Intel pushing NVIDIA out of the chipset market?

Posted on Wednesday, June 04 2008 @ 22:37 CEST by Thomas De Maesschalck
The relationship between Intel and NVIDIA isn't as good as it used to be. We already heard NVIDIA is having a lot of trouble getting a license from Intel to make chipsets for the Nehalem processor but now FUD Zilla claims it's more than this. They heard from NVIDIA PR director Derek Perez that Intel won't let NVIDIA make Nehalem compatible chipsets, even though NVIDIA has a legitimate license, and that Intel is playing the game very dirty by trying to push NVIDIA out of the chipset market.
We all know that Jensen, Nvidia’s CEO, officially stated that Intel stepped over the edge with its comments about Nvidia. Ever since Nvidia entered the chipset license with Intel, Graphzilla was concerned with Intel's history of competing, and they would be naive not to.

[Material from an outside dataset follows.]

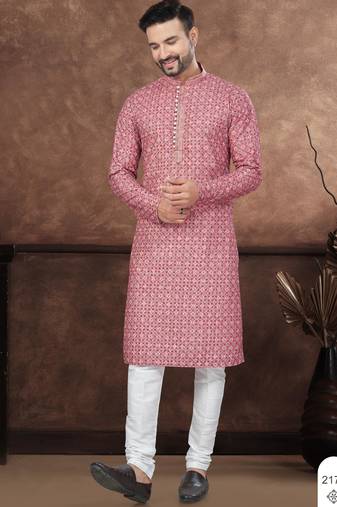 Maroon & multicolor digital printed full embroidery chikankari thread work kurta pajama set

If you are old enough, you will remember that Intel killed VIA’s Pentium chipset business even though VIA had a legitimate license. Intel was cool towards Nvidia until recently, up until the point when Intel realized that graphics card might be used for more than gaming and after Nvidia’s bold decision to keep the SLI for itself. It was a tough decision to go against Intel but if Intel got the SLI for its X58 chipset or any previous Intel’s chipset, business will be good as dead, or things would get much tougher then they are.

At this point Intel simply doesn’t want to honour its commitments toward he chipset license deal.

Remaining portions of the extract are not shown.